*** Opening of Records supplied ***

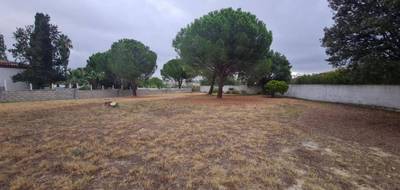 Terrain seul à Magalas en Hérault (34) de 1305 m² à vendre au prix de 195000€ - 1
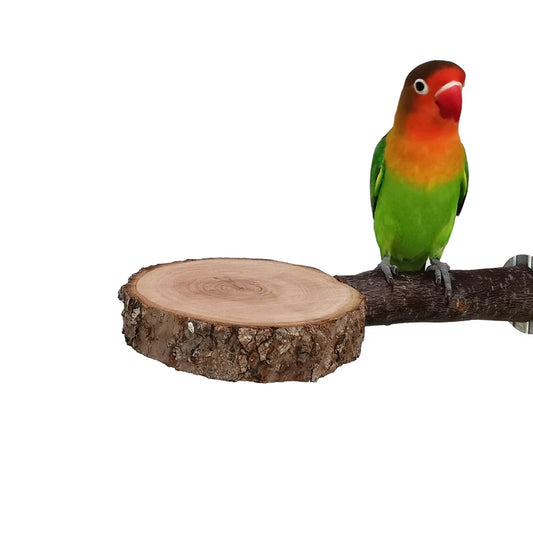 Apple Wood Bird Perch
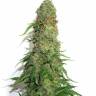 Brainstorm regular Ganja Seeds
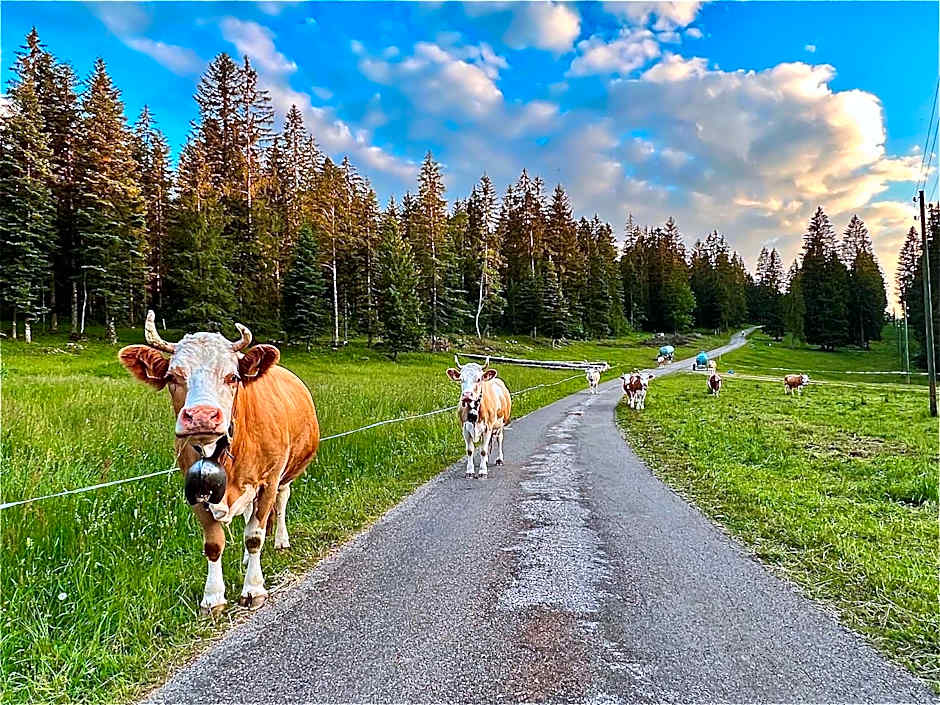 Hôtel Restaurant Les Cernets Swiss-Lodge SSH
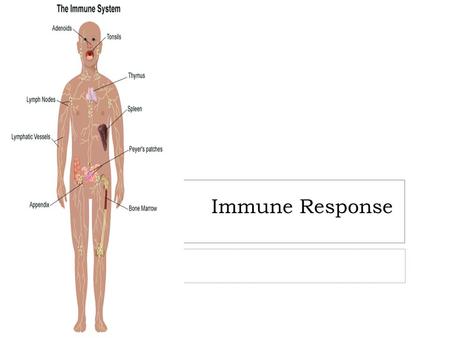 Immune Response. Vocabulary  Immunology- the study of host defense mechanisms  Immunity- ability of the host to protect itself against foreign organisms.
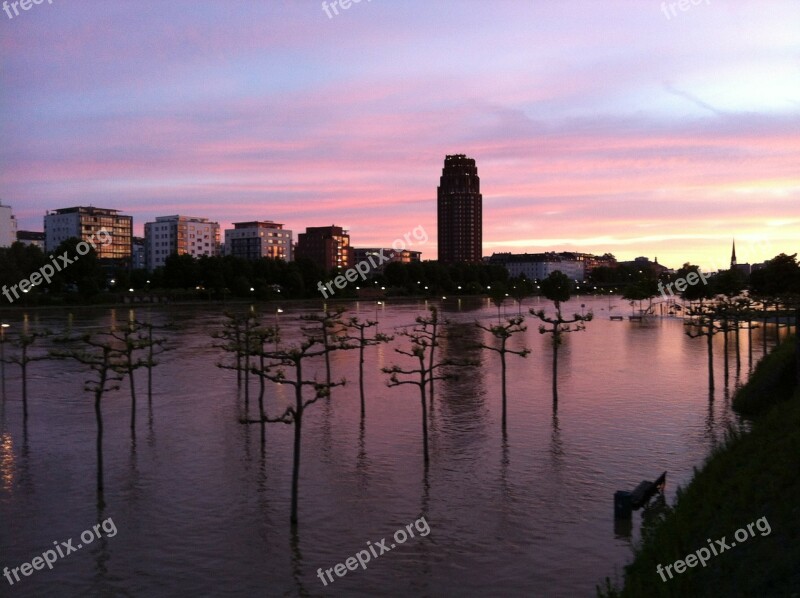 Frankfurt Sunset Sycamore Eastern Harbour Sky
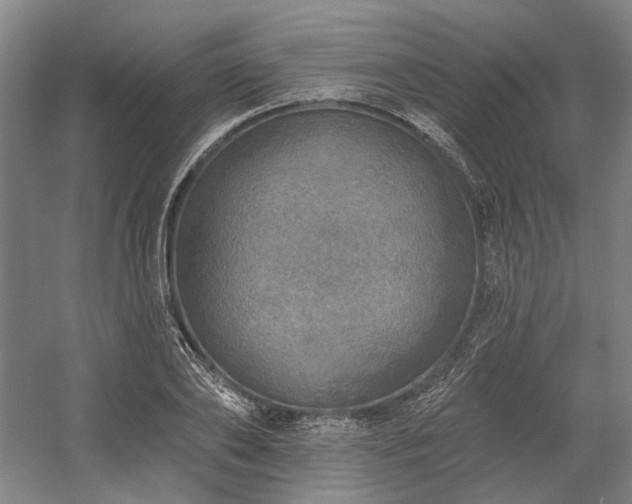 X0000058790886200509301138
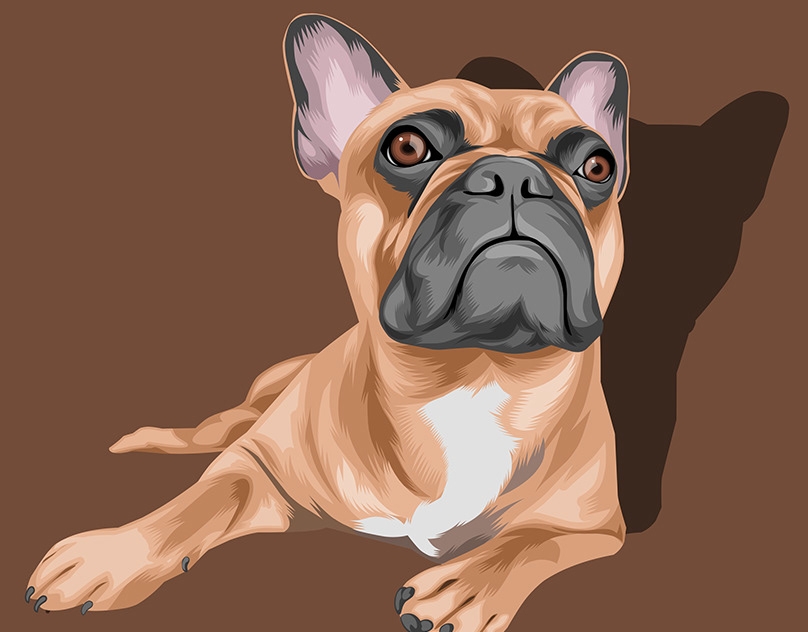 Vector-Sketch-of-Lily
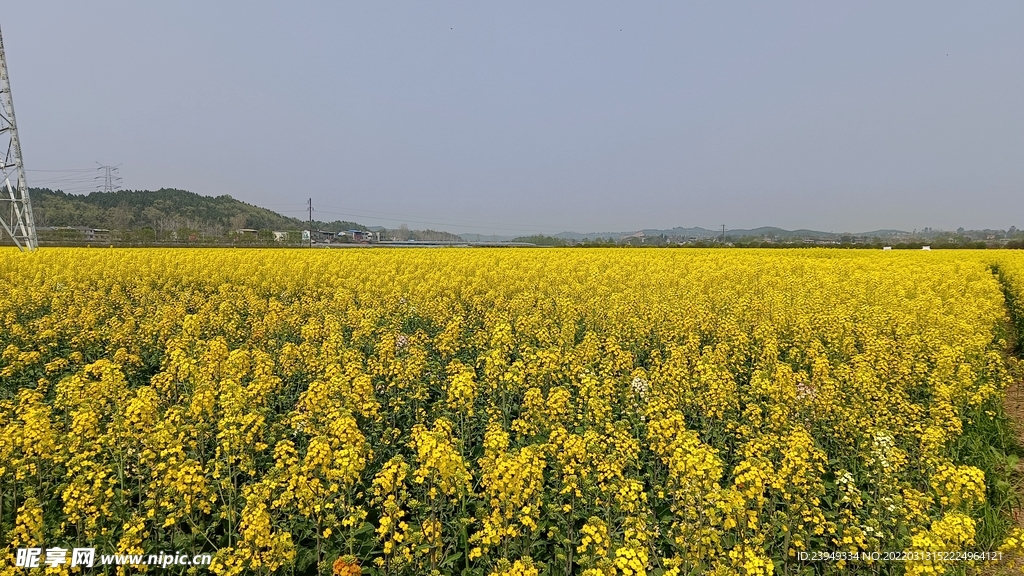 油菜花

*** Close of Records supplied ***

Work to complete: Give the data above again, exactly and completely. No pictures go in.

Written solution:
 Terrain seul à Magalas en Hérault (34) de 1305 m² à vendre au prix de 195000€ - 1
 Apple Wood Bird Perch
 Brainstorm regular Ganja Seeds
 Hôtel Restaurant Les Cernets Swiss-Lodge SSH
 Immune Response. Vocabulary  Immunology- the study of host defense mechanisms  Immunity- ability of the host to protect itself against foreign organisms.
 Frankfurt Sunset Sycamore Eastern Harbour Sky
 X0000058790886200509301138
 Vector-Sketch-of-Lily
 油菜花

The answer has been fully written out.